No Crysis for EA or Consoles
There was a lot of buzz this weekend about the possibility that EA would be buying Crytek, the company currently working on the uber-shiny Crysis PC game. IGN checked in with the mammoth publisher and, at least according to EA, there are no plans for Crytek to join the EA family. Crytek did have some news to share at the Leipzig Games Convention, though: Crysis won't be on the next-gen consoles. It's just too intensive for even the likes of the 360 or PS3, apparently.
Blizzard were able to make WoW run fine on my Mac mini G4/1.42GHz, 1GB RAM with Radeon 9200/32MB (except when there was too many players on-screen), programmers should learn to make scalable games which would allow them to release the game on the Xbox360, PS3 and Wii.
Enough with the crappy programmers already!
I don't care about it not running on consoles. I would have bought this game for my PC almost certainly. But it only runs on Vista? Seriously. I might upgrade some of the hardware, e.g. a better graphics board, but I draw the line at upgrading my OS and disrupting every other function of the machine just to play one game. This is insane.
Will it run on Linux and/or Mac/x86? Please? Pretty please?
Stupidity is an equal opportunity striker.
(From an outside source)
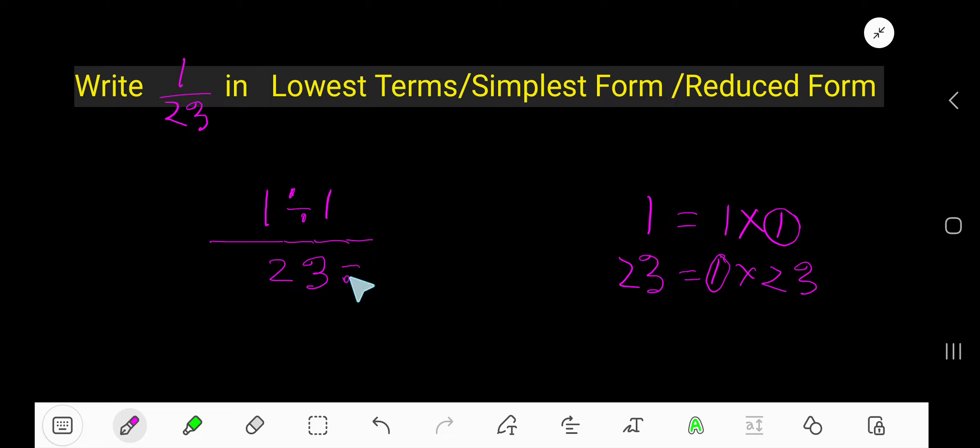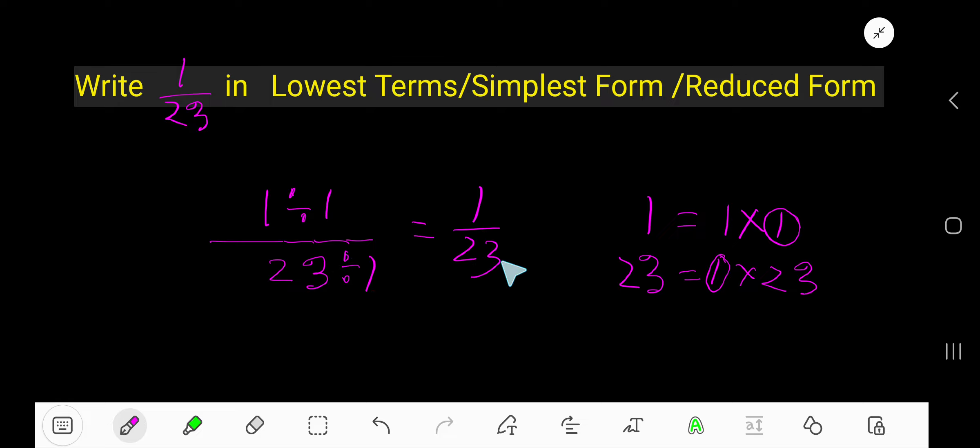Divide the numerator by 1 and the denominator by 1, giving us 1 over 23. This is already in lowest terms.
Fellow slashdotter Bill Dog
They're the borg of PC gaming, assimilating uniqueness into uniformity. After they bought Westwood, C&C became a modern warfare themed WarCraft. Yet another WarCraft clone with builder units and war factories you have to scroll to and click on to use (classic C&C had a centralized build queue with an always on-screen remote control).
I imagine FPS gamers appreciate variety as much as RTS gamers do. I sure don't want too many games pumped through the same risk-averse cookie cutter.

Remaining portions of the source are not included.